第8話

「嫌なことはぜ~んぶ忘れちゃえばいいんだよ!」



どこからかそんな声が聞こえてきて、あたしは立ち止まった。



「え……?」



部屋の中をグルリと見回してみるが、あたし以外に誰もいない。



ラジオのスイッチも消えているし、音が出るようなものはどこにもない。



声はやけに幼くて、はしゃぐような声色をしていた。



そんな知り合い、あたしにはいない。



「気のせいかな……?」



きっとそうだ。



色々と混乱していて、変な声が聞こえただけだ。



そう思う反面、さっきの声が耳から離れなかった。



嫌なことは全部忘れちゃえばいい。



誰だって思うことだろう。



あたしだって忘れたいことは沢山ある。



勉強が苦手なこととか、今回のお祖父ちゃんの入院のこととか。



考えながら、あたしはフラフラと音が聞こえてきた部屋の隅へと移動してきていた。



どこからあの声が聞こえて来たんだろう?



周囲を見回してみても目につくものはなにもない。



やっぱりただの気のせいか……。



そう思った時だった。



コツンッと足がなにかにぶつかり、視線を向けた。



そこにあったのは白い布にかけられたなにかだった。



なにが隠されているのかわからないが、布は長方形の形に膨らんでいる。



あたしはそっと身をかがめて布を引いた。



布の下から出てきたものはシュレッダーだった。



祖父が仕事で使っていたのか、随分の年季の入ったものだ。



「なんだ、シュレッダーか」



あたしはホッとして笑みをこぼした。



布の下になにがあると思っていたのか、自分で自分がおかしくなった。



きっと、祖父がこの部屋には入るなと散々言ってきたからだろう。



だからなにか変なものや怖いものが置いてあるものだと、勝手に思い込んでしまったのだ。



「でも、変なシュレッダーだなぁ」



形状はどこにでもある普通のシュレッダーだが、そこから醸し出される雰囲気が普通のものとは違った。

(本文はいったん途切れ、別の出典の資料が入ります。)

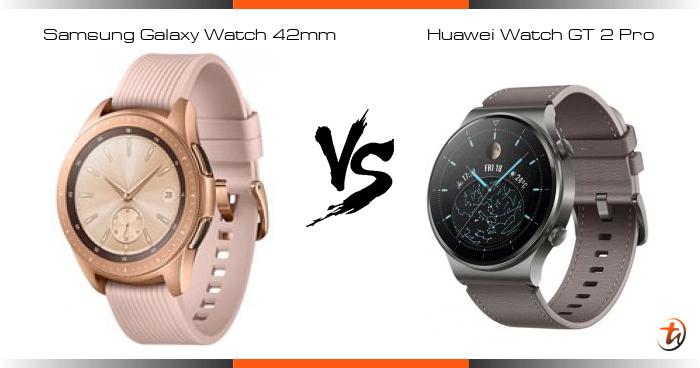 Compare Samsung Galaxy Watch 42mm vs Huawei Watch GT 2 Pro specs and Malaysia price smartwatch features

なんというか、シュレッダー事態が生きているかのような雰囲気があるのだ。



ジッとみているとつい引き寄せられてしまい、使ってみたくなる。



「年代物だからかな……」



祖父が長年愛用していた道具だからかもしれない。



あたしは引き寄せられるがままに右手を伸ばす。



シュレッダーに触れそうになった瞬間、アラームが鳴り響いてハッと我に返った。



「いけない! 伯母さんが迎えに来てくれる時間だ!」



あたしは慌てて旅行鞄を持ち、玄関へと走ったのだった。